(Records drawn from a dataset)
★ ★ ★ ★

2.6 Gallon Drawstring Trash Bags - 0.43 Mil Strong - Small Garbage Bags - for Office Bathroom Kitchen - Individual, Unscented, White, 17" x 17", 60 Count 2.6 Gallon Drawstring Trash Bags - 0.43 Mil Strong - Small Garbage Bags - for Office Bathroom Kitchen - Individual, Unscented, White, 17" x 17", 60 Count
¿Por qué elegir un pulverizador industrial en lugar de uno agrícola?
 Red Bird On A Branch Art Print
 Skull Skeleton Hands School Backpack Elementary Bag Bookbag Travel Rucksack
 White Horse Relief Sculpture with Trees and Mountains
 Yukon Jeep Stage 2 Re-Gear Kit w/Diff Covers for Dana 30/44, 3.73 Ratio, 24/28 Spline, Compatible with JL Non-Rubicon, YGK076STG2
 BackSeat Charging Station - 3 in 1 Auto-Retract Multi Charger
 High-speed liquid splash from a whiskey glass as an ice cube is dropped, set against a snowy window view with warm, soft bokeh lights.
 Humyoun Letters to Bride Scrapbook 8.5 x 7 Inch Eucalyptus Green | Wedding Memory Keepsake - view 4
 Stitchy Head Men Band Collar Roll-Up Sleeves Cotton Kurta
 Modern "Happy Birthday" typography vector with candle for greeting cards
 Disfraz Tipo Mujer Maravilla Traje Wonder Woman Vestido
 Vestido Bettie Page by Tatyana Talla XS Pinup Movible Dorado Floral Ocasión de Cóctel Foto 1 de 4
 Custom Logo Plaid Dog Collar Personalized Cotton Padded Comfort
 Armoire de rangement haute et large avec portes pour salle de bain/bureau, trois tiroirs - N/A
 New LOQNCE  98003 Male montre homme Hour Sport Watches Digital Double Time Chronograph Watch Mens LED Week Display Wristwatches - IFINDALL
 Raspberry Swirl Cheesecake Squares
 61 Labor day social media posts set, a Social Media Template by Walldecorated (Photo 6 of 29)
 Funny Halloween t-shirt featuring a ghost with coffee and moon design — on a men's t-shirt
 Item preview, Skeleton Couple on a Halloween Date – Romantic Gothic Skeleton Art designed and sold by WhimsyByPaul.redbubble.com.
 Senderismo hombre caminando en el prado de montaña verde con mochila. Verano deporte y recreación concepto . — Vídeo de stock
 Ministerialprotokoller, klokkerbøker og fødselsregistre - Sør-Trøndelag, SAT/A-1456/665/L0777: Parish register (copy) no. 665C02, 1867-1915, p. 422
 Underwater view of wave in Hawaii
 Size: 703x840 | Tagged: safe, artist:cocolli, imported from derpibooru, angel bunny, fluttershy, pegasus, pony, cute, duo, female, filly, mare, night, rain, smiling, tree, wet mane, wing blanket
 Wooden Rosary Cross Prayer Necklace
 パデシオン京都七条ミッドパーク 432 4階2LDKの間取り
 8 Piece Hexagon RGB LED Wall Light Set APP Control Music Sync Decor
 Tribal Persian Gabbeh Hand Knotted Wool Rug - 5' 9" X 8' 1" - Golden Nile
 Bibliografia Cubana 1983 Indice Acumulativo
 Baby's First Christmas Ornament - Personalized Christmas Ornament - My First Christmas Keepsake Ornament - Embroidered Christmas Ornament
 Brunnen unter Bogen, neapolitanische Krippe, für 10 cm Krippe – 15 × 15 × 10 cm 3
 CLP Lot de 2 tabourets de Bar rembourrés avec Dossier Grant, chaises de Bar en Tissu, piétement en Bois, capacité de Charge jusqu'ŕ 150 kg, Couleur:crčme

★ ★ ★ ★

_GOAL OF THE EXERCISE_
All the records above need to be transcribed exactly and in full.

_SOLUTION FOR THIS EXERCISE_
2.6 Gallon Drawstring Trash Bags - 0.43 Mil Strong - Small Garbage Bags - for Office Bathroom Kitchen - Individual, Unscented, White, 17" x 17", 60 Count 2.6 Gallon Drawstring Trash Bags - 0.43 Mil Strong - Small Garbage Bags - for Office Bathroom Kitchen - Individual, Unscented, White, 17" x 17", 60 Count
¿Por qué elegir un pulverizador industrial en lugar de uno agrícola?
 Red Bird On A Branch Art Print
 Skull Skeleton Hands School Backpack Elementary Bag Bookbag Travel Rucksack
 White Horse Relief Sculpture with Trees and Mountains
 Yukon Jeep Stage 2 Re-Gear Kit w/Diff Covers for Dana 30/44, 3.73 Ratio, 24/28 Spline, Compatible with JL Non-Rubicon, YGK076STG2
 BackSeat Charging Station - 3 in 1 Auto-Retract Multi Charger
 High-speed liquid splash from a whiskey glass as an ice cube is dropped, set against a snowy window view with warm, soft bokeh lights.
 Humyoun Letters to Bride Scrapbook 8.5 x 7 Inch Eucalyptus Green | Wedding Memory Keepsake - view 4
 Stitchy Head Men Band Collar Roll-Up Sleeves Cotton Kurta
 Modern "Happy Birthday" typography vector with candle for greeting cards
 Disfraz Tipo Mujer Maravilla Traje Wonder Woman Vestido
 Vestido Bettie Page by Tatyana Talla XS Pinup Movible Dorado Floral Ocasión de Cóctel Foto 1 de 4
 Custom Logo Plaid Dog Collar Personalized Cotton Padded Comfort
 Armoire de rangement haute et large avec portes pour salle de bain/bureau, trois tiroirs - N/A
 New LOQNCE  98003 Male montre homme Hour Sport Watches Digital Double Time Chronograph Watch Mens LED Week Display Wristwatches - IFINDALL
 Raspberry Swirl Cheesecake Squares
 61 Labor day social media posts set, a Social Media Template by Walldecorated (Photo 6 of 29)
 Funny Halloween t-shirt featuring a ghost with coffee and moon design — on a men's t-shirt
 Item preview, Skeleton Couple on a Halloween Date – Romantic Gothic Skeleton Art designed and sold by WhimsyByPaul.redbubble.com.
 Senderismo hombre caminando en el prado de montaña verde con mochila. Verano deporte y recreación concepto . — Vídeo de stock
 Ministerialprotokoller, klokkerbøker og fødselsregistre - Sør-Trøndelag, SAT/A-1456/665/L0777: Parish register (copy) no. 665C02, 1867-1915, p. 422
 Underwater view of wave in Hawaii
 Size: 703x840 | Tagged: safe, artist:cocolli, imported from derpibooru, angel bunny, fluttershy, pegasus, pony, cute, duo, female, filly, mare, night, rain, smiling, tree, wet mane, wing blanket
 Wooden Rosary Cross Prayer Necklace
 パデシオン京都七条ミッドパーク 432 4階2LDKの間取り
 8 Piece Hexagon RGB LED Wall Light Set APP Control Music Sync Decor
 Tribal Persian Gabbeh Hand Knotted Wool Rug - 5' 9" X 8' 1" - Golden Nile
 Bibliografia Cubana 1983 Indice Acumulativo
 Baby's First Christmas Ornament - Personalized Christmas Ornament - My First Christmas Keepsake Ornament - Embroidered Christmas Ornament
 Brunnen unter Bogen, neapolitanische Krippe, für 10 cm Krippe – 15 × 15 × 10 cm 3
 CLP Lot de 2 tabourets de Bar rembourrés avec Dossier Grant, chaises de Bar en Tissu, piétement en Bois, capacité de Charge jusqu'ŕ 150 kg, Couleur:crčme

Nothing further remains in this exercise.